Last April, seasoned cybersecurity journalist Joseph Menn led a panel discussion at the Randori/SANS Attack Surface Management Conference to discuss the future of security after the how does the security industry need to change in response to the cataclysmic outfall of the new wave of mega breaches sweeping security such as SolarWinds, Microsoft Exchange and the more recent Darkside ransomware compromise?
Panelists included security’s foremost thought leaders: SAP’s CISO Richard Puckett, the former Square CISO Window Snyder, Randori’s CTO and Co-founder David “moose” Wolpoff, and former NSA General Counsel Stewart Baker.
The resounding answer from panelists was to invest in fundamentals and build resilient security programs.
For too long, the cyber industry has depended upon their ability to find-and-fix issues before they are exploited to protect them. With the sheer volume of endpoints, vulnerabilities, and attacks expanding – this model no longer works. To reduce the business impact of issues like SolarWinds, security teams need to go beyond identifying issues and asking – when something fails, what happens next? How will we recover?
“The word security is a problem in and of itself,” said Wolpoff. “Resiliency is that thing that you build and practice over time. And within that, I think about the recognition that I’m not going to be able to secure everything. There will be some things that are hackable, but that the systems and the institutions need to be resilient anyway.”
SAP’s CISO, Richard Puckett elaborated: “It’s not just about patching, it’s also about observability. Can you see the fight? Because if you can’t monitor and see what’s going on, you certainly are not going to see what somebody is doing to it. So do you have the right kinds of observability in place? Do you have Threat Detection Operations in place?”
To help organizations position themselves to tackle the next era of defense, Richard Puckett detailed three key takeaways for security professionals:
- Find out what matters most to your organization and protect that first. “Knowing your crown jewels is about asking: do you know what’s most important? Because you can’t defend everything; not reasonably. So you’ll end up defending nothing. And I think if you can come to the conclusion about what are the most crucial things, that’s where greater observability, greater service management can be in place. And around that with the right kind of bubble to make sure it’s safer while the rest of the environment is maybe not as well protected.”
- You can’t be resilient without stress-testing your defenses. “Resiliency isn’t just about having all the mechanics. It’s also about testing and retesting to make sure you can do the exercise properly.”
- Open and honest dialogue on how to defend forward will be integral to taking on nation-state level attackers like Russia and China. “We call it the dilemma of the five worlds: public sector, private sector, military, law enforcement, and intelligence, and in our bubble, the private sector, what’s being shared between entities and then what’s being shared with law enforcement or government, and then how they’re acting on it.”

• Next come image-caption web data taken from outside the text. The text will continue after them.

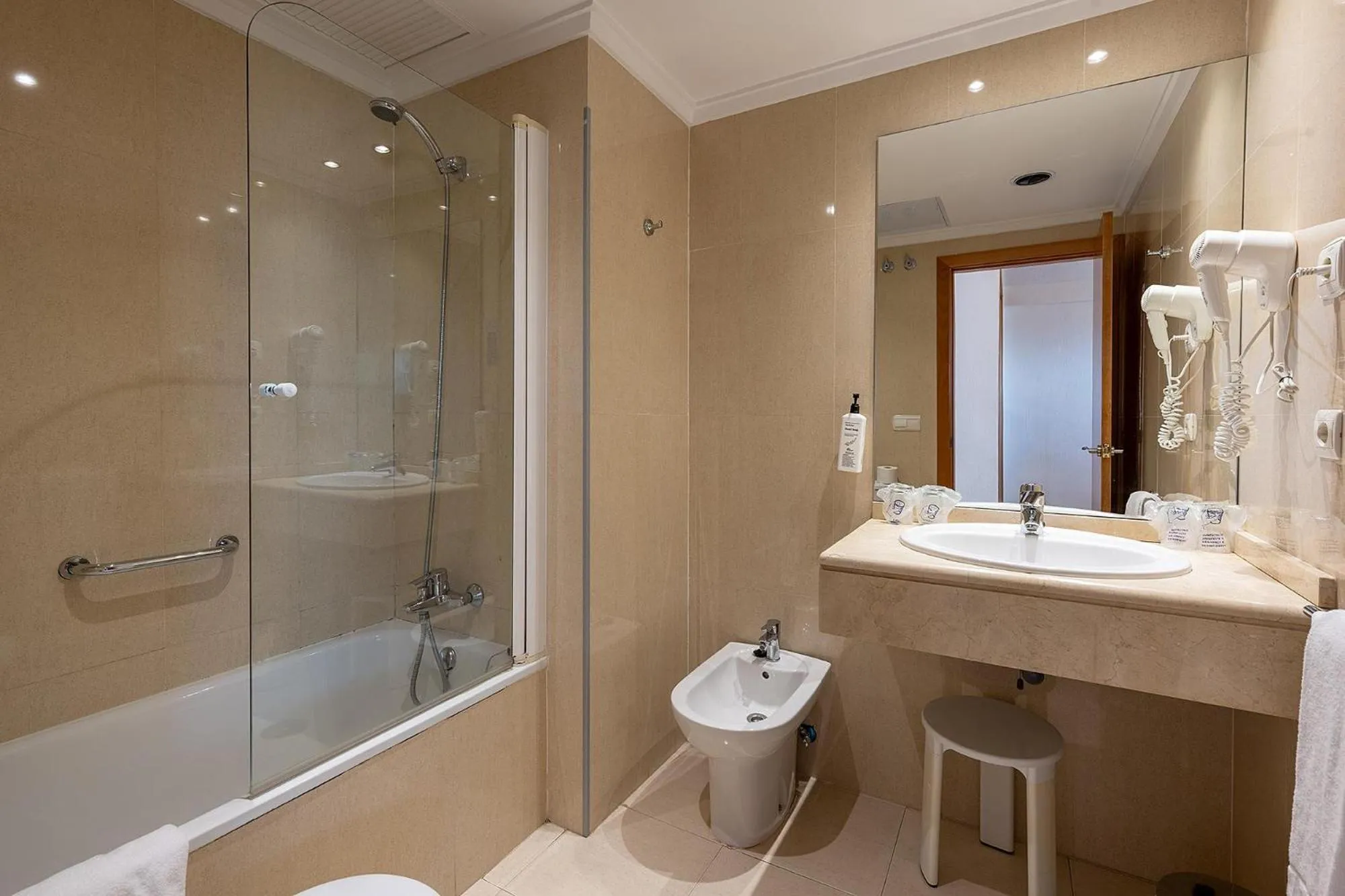 Bathroom in Hotel Playas de Torrevieja
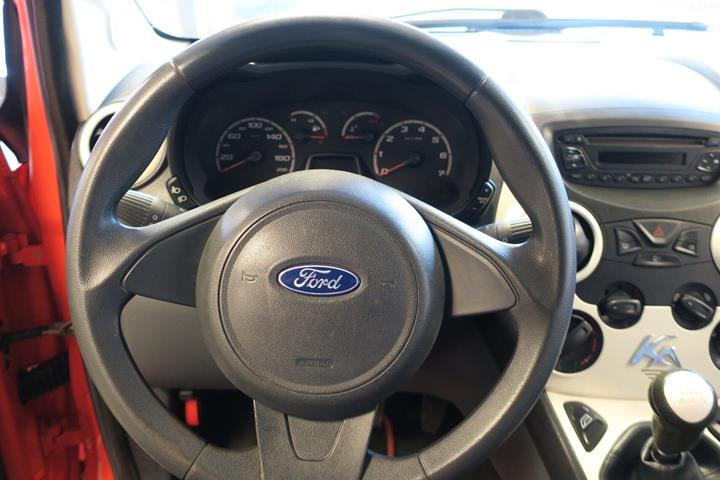 Rød Ford Ka fra 2011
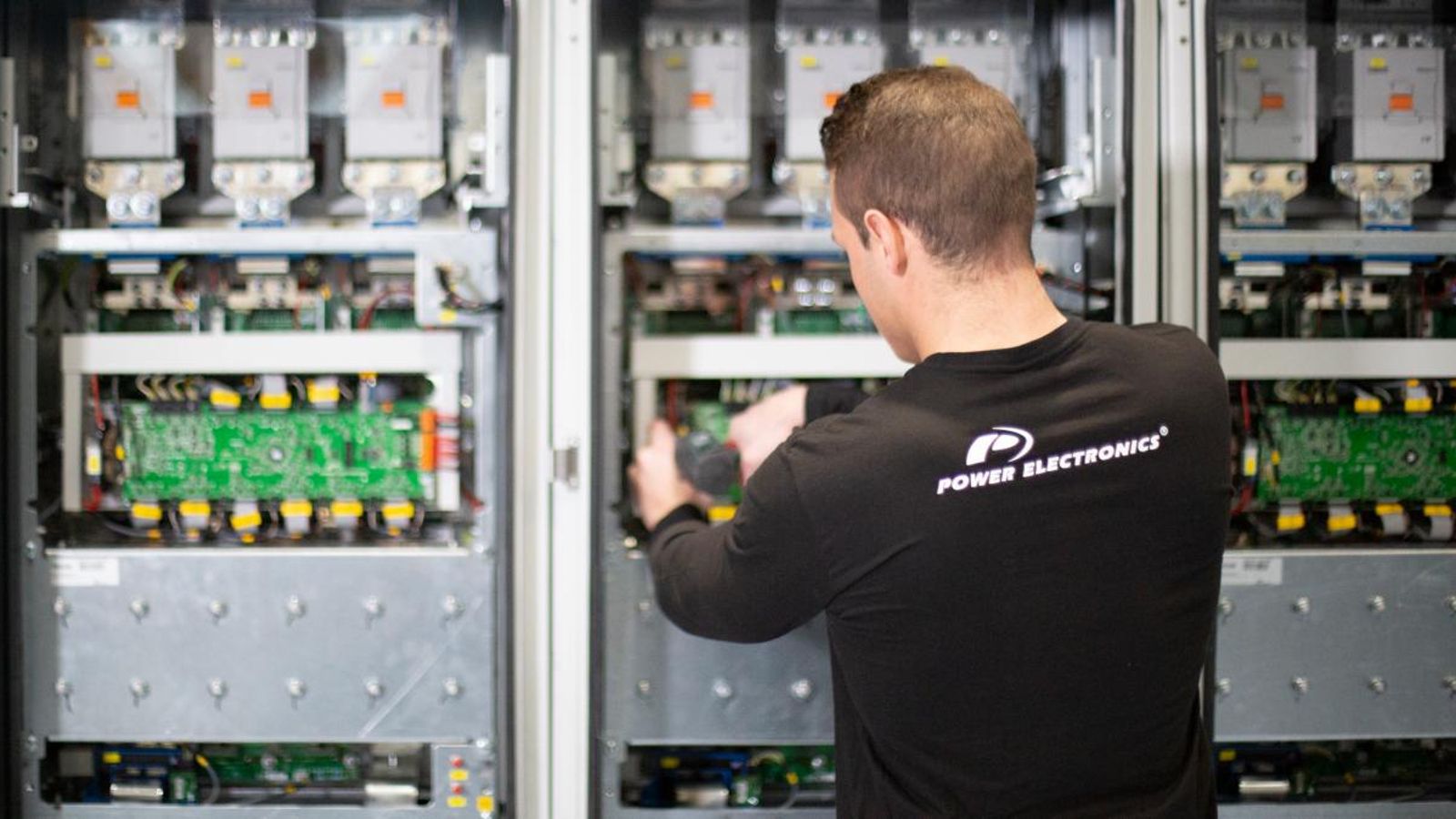 Power Electronics contractarà 450 persones | Europa Press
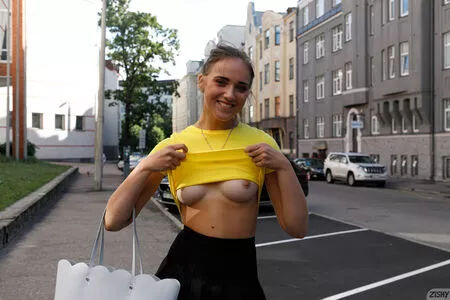 Oxana Chic OnlyFans Leaked Free Thumbnail Picture - #aPiJFj5BoR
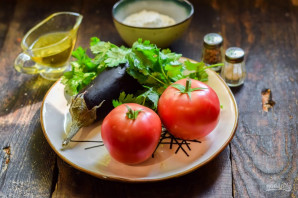Хрустящие баклажаны с помидорами и кинзой - фото шаг 1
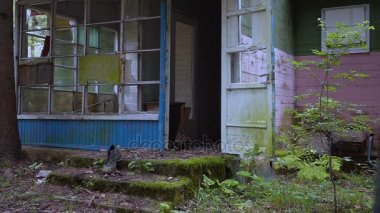 Dekontaminasyon takım elbise giymiş bir gaz maskesi ile girmeyi adam bina mahvetti,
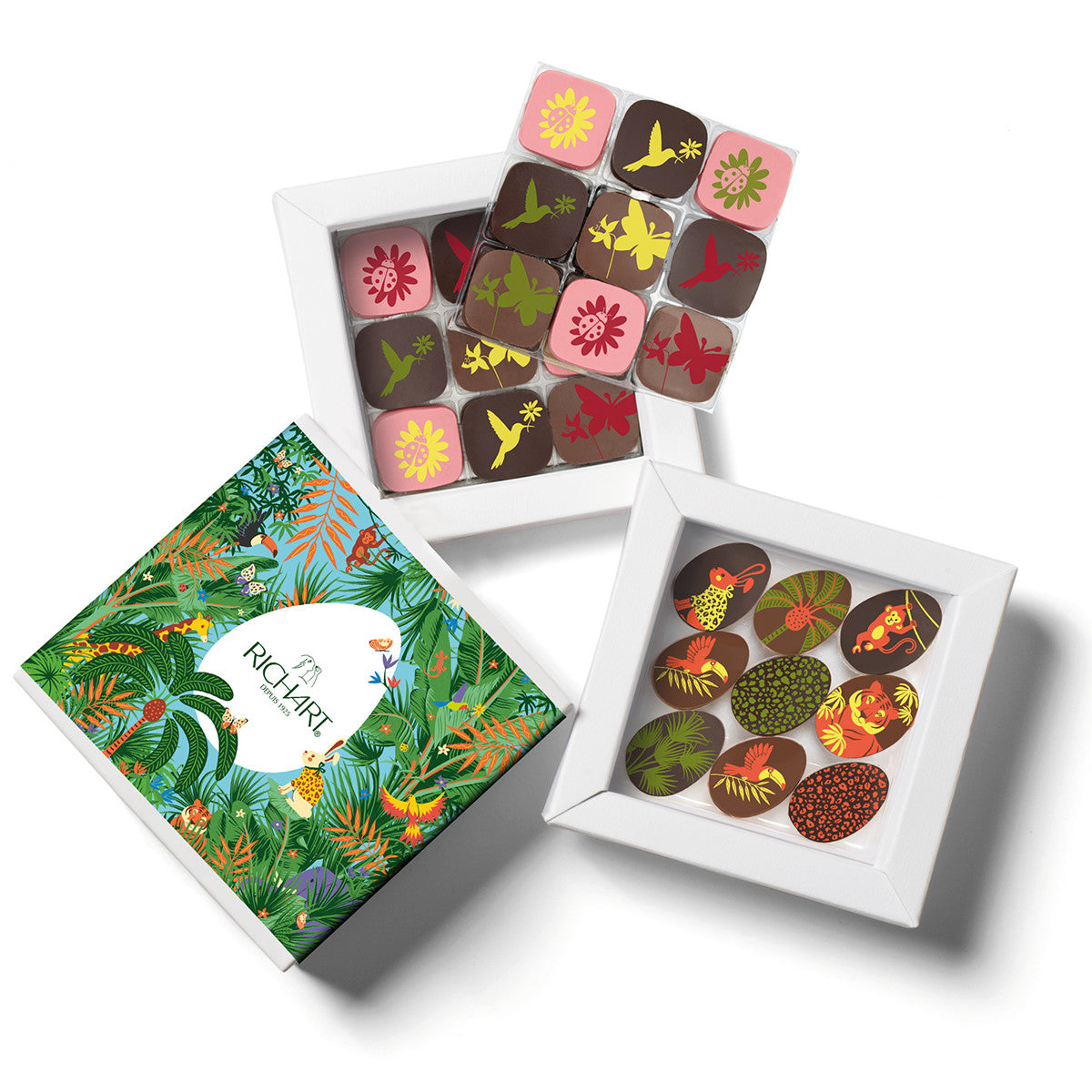 Easter gift box, 18 chocolates and 9 filled chocolate half-eggs. High-end gourmet chocolates presented in an elegant gift box.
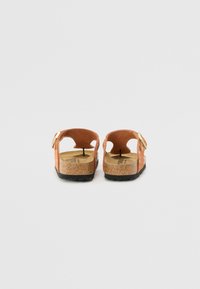 Birkenstock GIZEH RIVET LEVE NARROW Sandales dark rust/orange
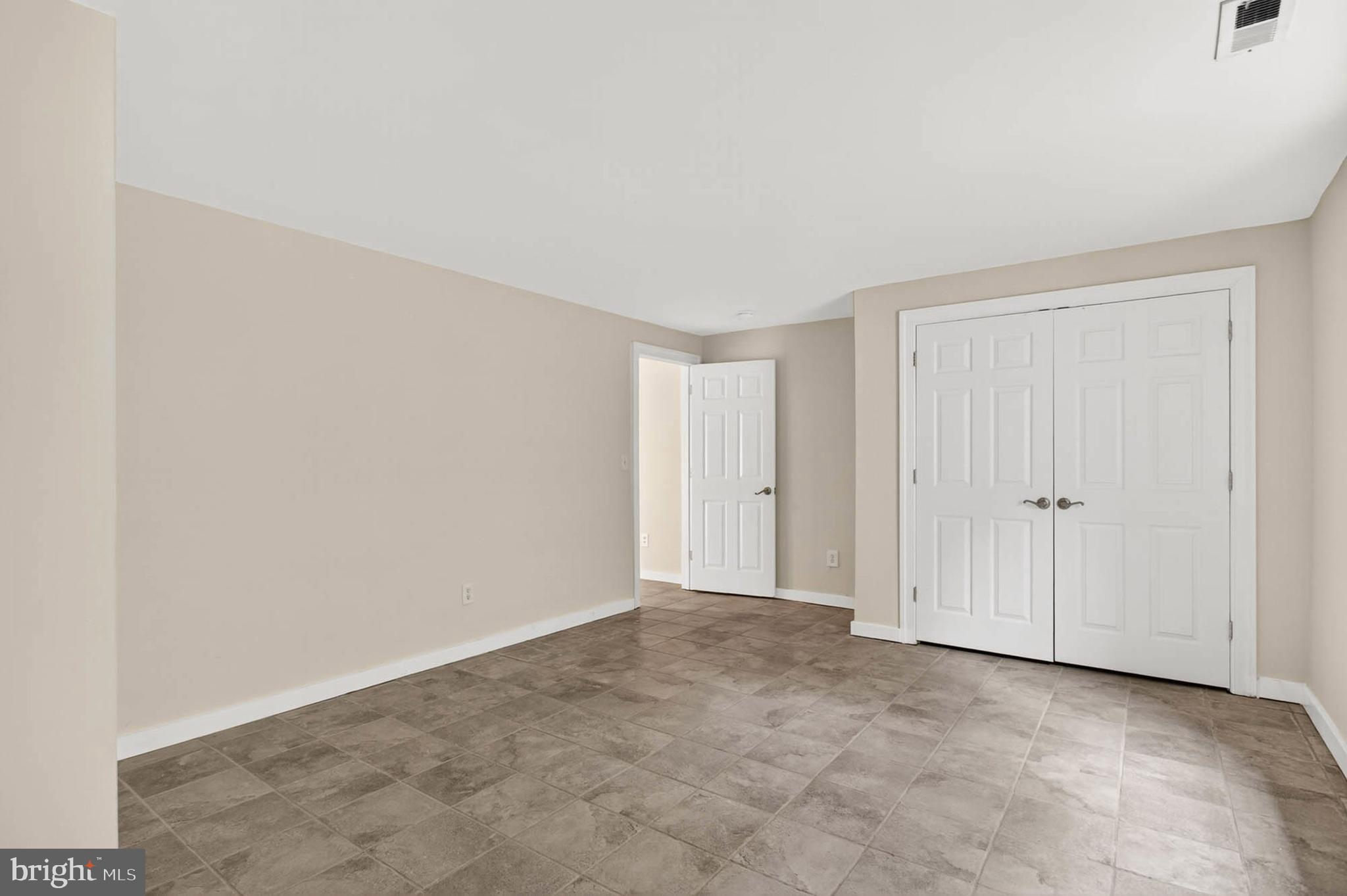 VILLAS AT SEVERNA PARK - Residential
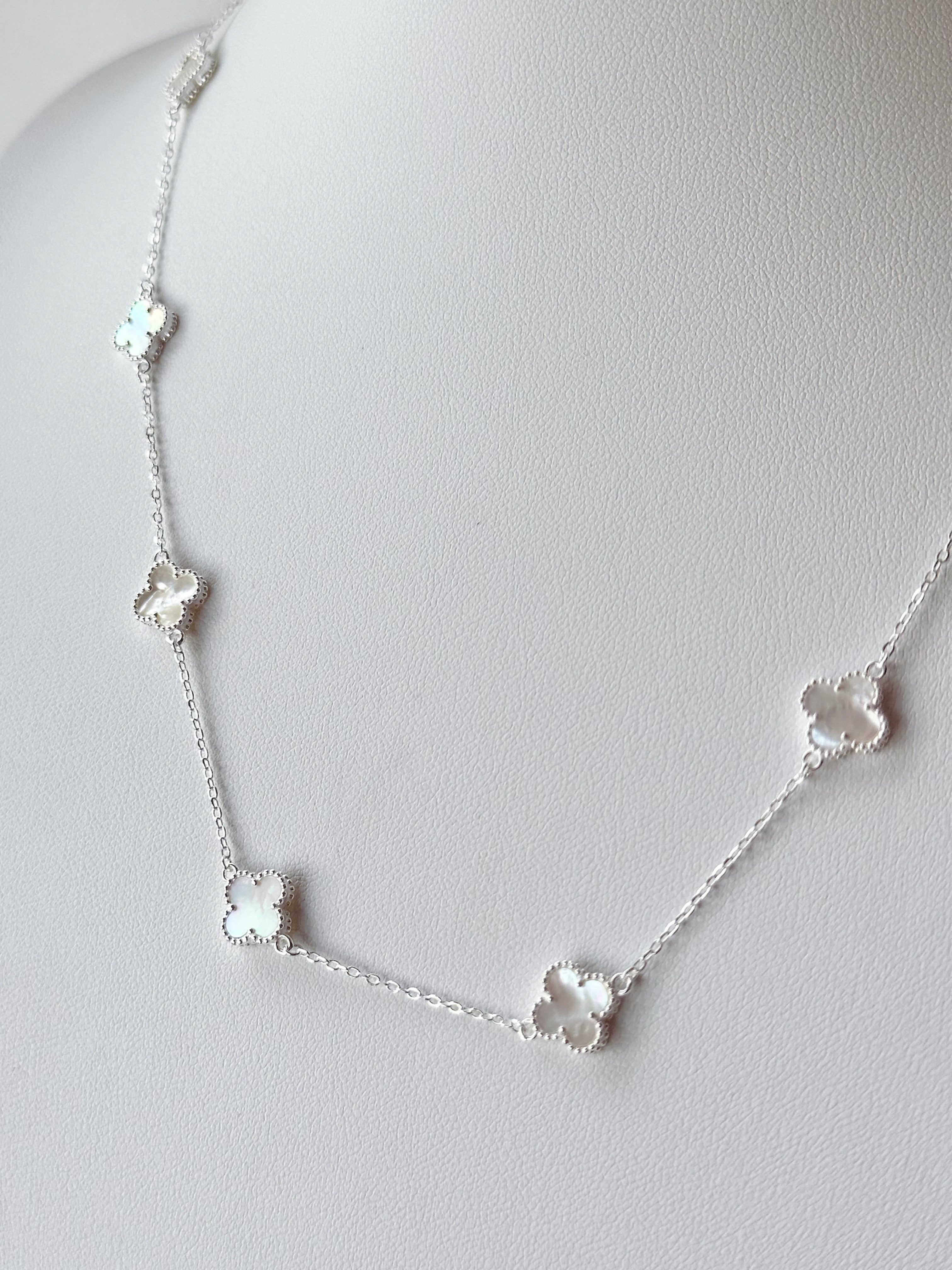 Collar 10 Mini Tréboles Blanco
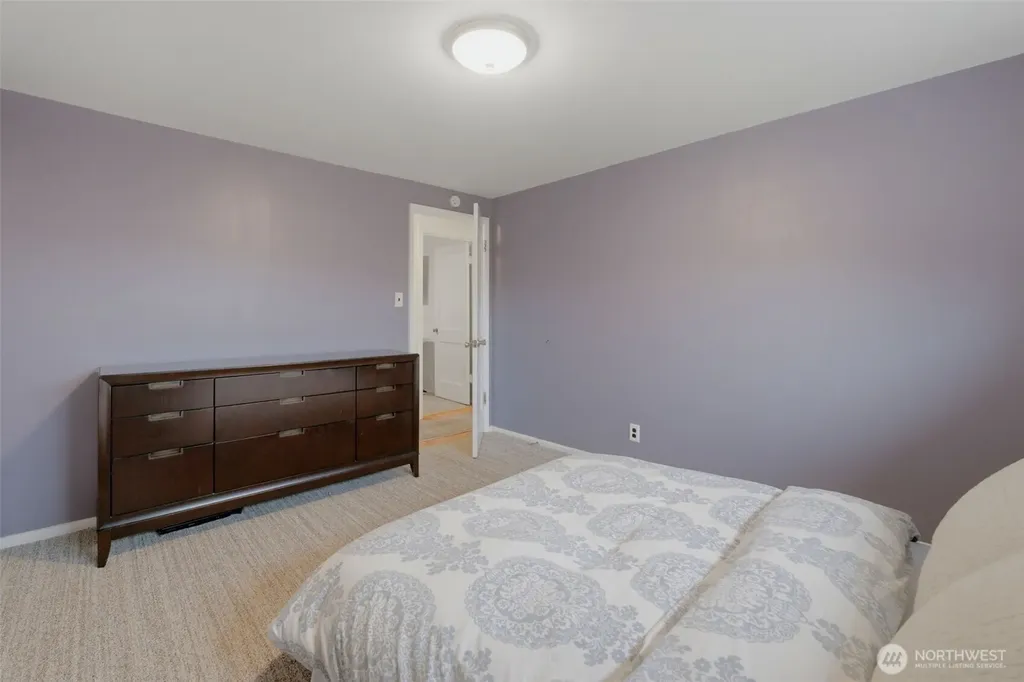 24303 59th Avenue W Mountlake Terrace WA 98043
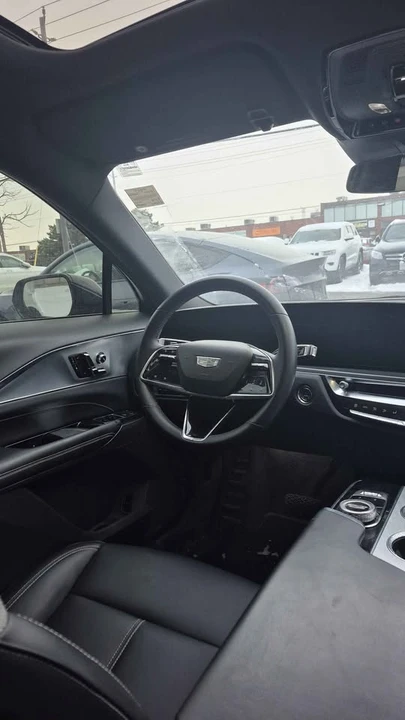2024 Cadillac Lyriq - Image 9 of 13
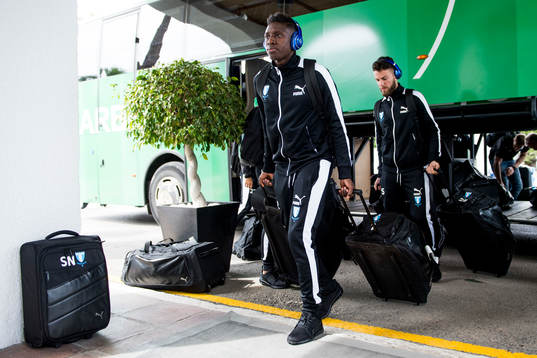 Pa Konate och Erdal Rakip ankommer till hotellet för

The entire panel stressed that the new wave of attacks, which is increasing in both scale and frequency, is an indicator that all US organizations are now battling with nation-state level attackers. No matter how under-the-radar you may feel, your stack operates by allowing privileges to users, to third-parties and to software appliances. You should implement least privilege, but you will never reach a state of absolute zero. You will be attacked. The question has now become how prepared will you be when you are? How well will you have practiced counter maneuvers? How diligently will you have acted preemptively to limit the enemy’s attack vectors? And how much damage can your system absorb while remaining resilient and keeping adversaries away from your crown jewels?